I look up at Yves. “I don’t know.” I simply did not know, and that was the truth.

Yves shakes his head, a sigh escaping his parted lips as he takes a seat on the vacant side of mine (Nora and I were at the farthest end of the First Class.)

“You know this isn’t good for her.”

“What isn’t good?” My fingers brush faster against Nora’s cheek as I look to my side, trying to figure out her step brother.

“This,” Yves shoots up on his seat, “this relationship you’ve got.”

“I—“-of course this isn’t. Nora is living a lie-“I know.”

“And you’re here, travelling to Venice for the wedding.”

“I couldn’t say no!”

“It could have been as easy as saying yes!” Yves argues in hush tones, almost face to face with me as we both breathe heavily.

“Not for me.” I immediately answer, feeling a soft spot form at the bottom of my heart, slowing down the blood flowing in my veins.

“Why? You’re only hurting her.”

“Because I love her,” for the first time in years, the words did not seem incomplete. For the first time, I am not hiding in some messed up lie.

“Then why not tell her the truth in the first place if you really do love her?” The lad was young and foolish, what did he know about the light Nora and I could see?

“It’s not that simple...” I offhandedly say. Nora makes slight movements but I calm her down by rubbing her hand.

“Telling her that you did actually find me is not that simple? If that’s not simple, then I don’t know what is.”

“You better get back.” I fire, getting tired of his pestering. Nora did not have to know shit about me setting up their meeting. In fact, I did her a favor. I’ve done so many things for this woman in my arms, but I regret introducing her to Liam the most.

I regret taking her to the dance competition, I regret coming to that pub, I regret going to that concert she and Niall went to, I regret being Veronica, I regret ever bumping into her in the first place.

“Just,” he pauses for a long time, looking me in the eyes, “Watch out before shit goes down.”

“I will.” I confirm. He gets up and leaves, walking through the narrow space between the airplane seats.

“I love you.” I whisper to her as she latches onto my shirt. “So fucking much.”
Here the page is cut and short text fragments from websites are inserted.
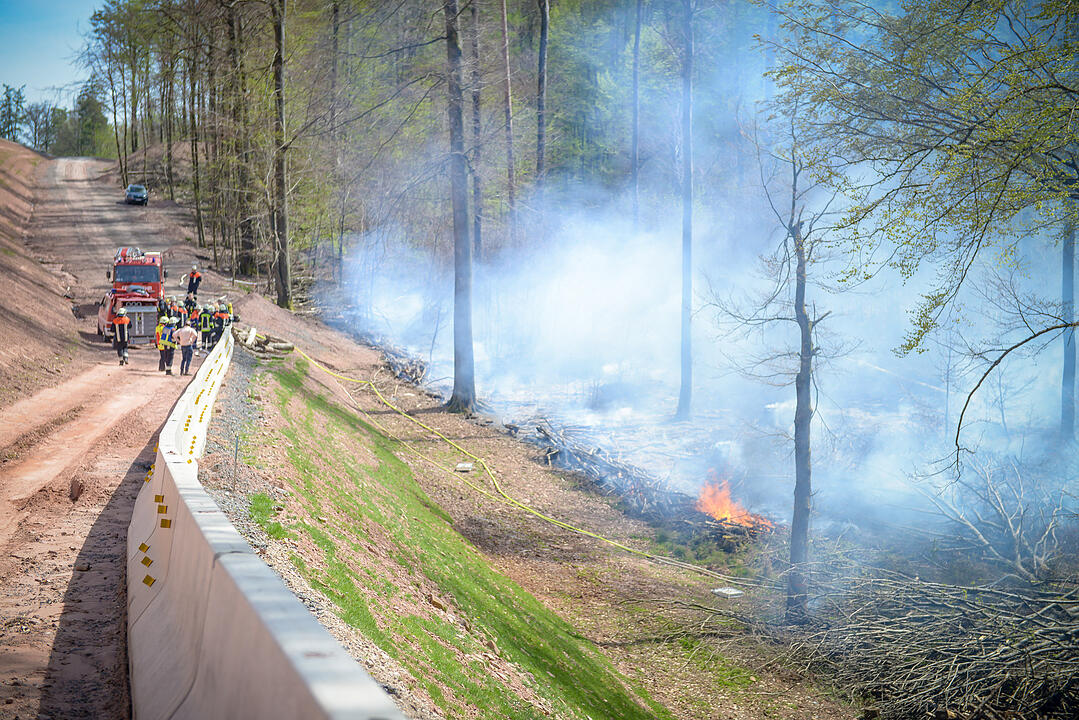 ahe der Autobahn 3 bei Bischbrunn ist am Ostermontag ein Waldbrand ausgebrochen.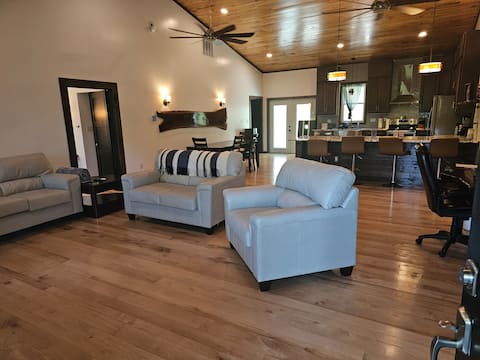 Custom built 3bed home
King beds,Hottub,on a Pond.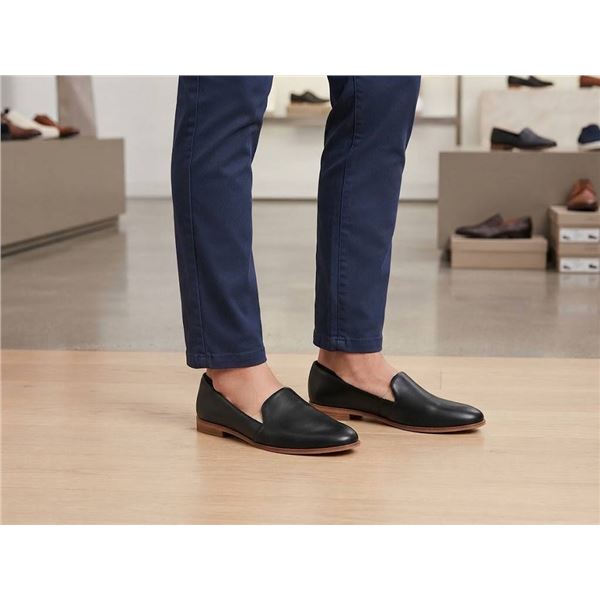 ALDO Black Leather Loafer Size 9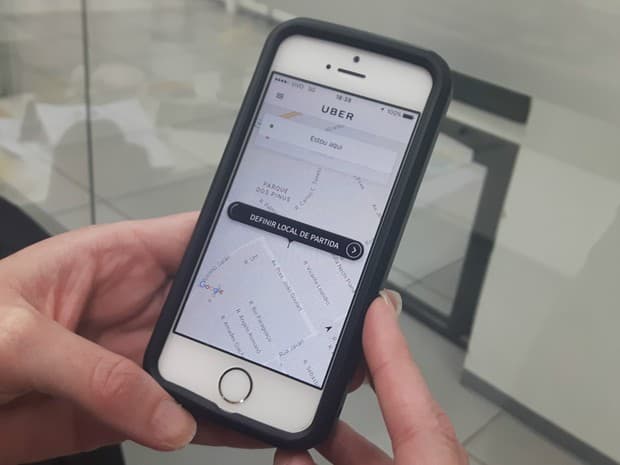Sancionada lei que aumenta multa para Uber em Fortaleza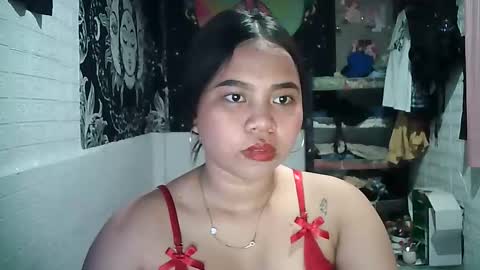 Snapshot of max_lovely123 chatting on 05/18/26, 12:33 max_lovely123 online show from 05/18/26, 12:33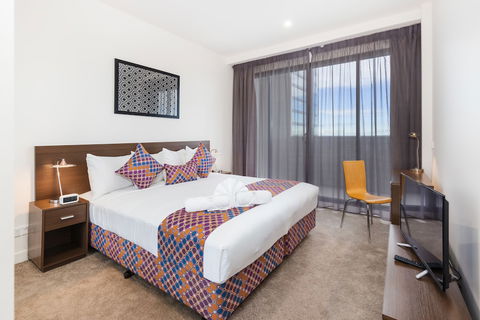 City Edge Dandenong Apartment Hotel - Schoolies Week Accommodation 0
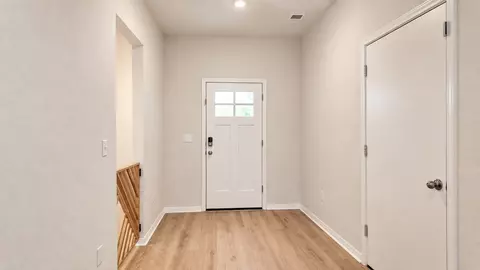 Entry Way - 110 Loon Dr, Bastrop, TX 78602 photo 2 of 6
My heart is literally beating for her. No one made me feel that way before. I don’t know if it’s the innocence in her mind that makes me love her so much. Maybe it’s the way she approaches life with her odd ways. Maybe it’s the way she talks passionately about things she loves and believes are perfect, when in reality, nothing is perfect. Despite her angry side, she never holds a grudge for too long. She’s the ‘forgive and forget’ type of person. Maybe it’s the crinkles that form at the ends of her eyes. Maybe it’s how confusing and careless she is.

I don’t know why I love her.

It’s just, like, it has become a part of me. A part I wish I could get rid of, but can’t.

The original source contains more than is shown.